:: DATA BELOW ::
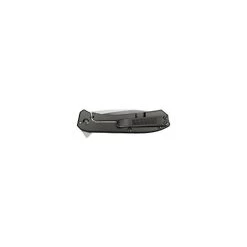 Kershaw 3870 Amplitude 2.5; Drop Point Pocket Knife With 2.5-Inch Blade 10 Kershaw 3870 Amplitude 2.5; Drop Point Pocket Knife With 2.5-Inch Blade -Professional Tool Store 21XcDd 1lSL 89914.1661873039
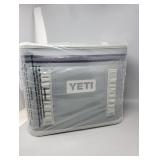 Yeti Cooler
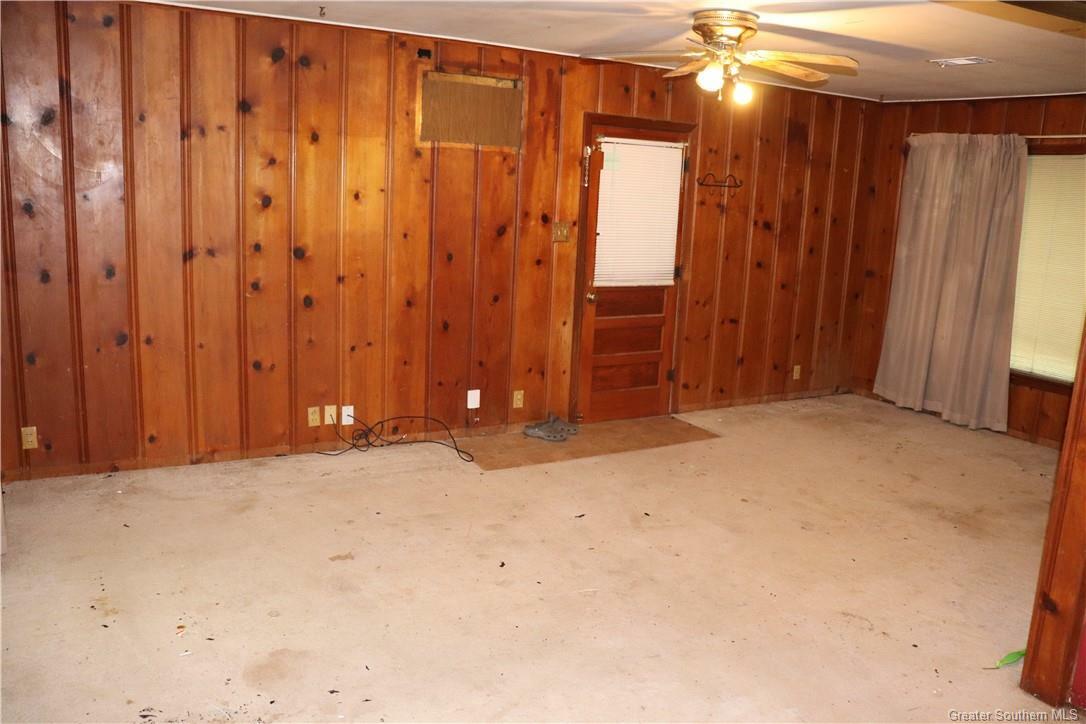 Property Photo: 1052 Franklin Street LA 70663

:: EXERCISE PROMPT ::
Line for line, restate the data above and omit every picture.

:: RESULT OF THIS EXERCISE ::
 Kershaw 3870 Amplitude 2.5; Drop Point Pocket Knife With 2.5-Inch Blade 10 Kershaw 3870 Amplitude 2.5; Drop Point Pocket Knife With 2.5-Inch Blade -Professional Tool Store 21XcDd 1lSL 89914.1661873039
 Yeti Cooler
 Property Photo: 1052 Franklin Street LA 70663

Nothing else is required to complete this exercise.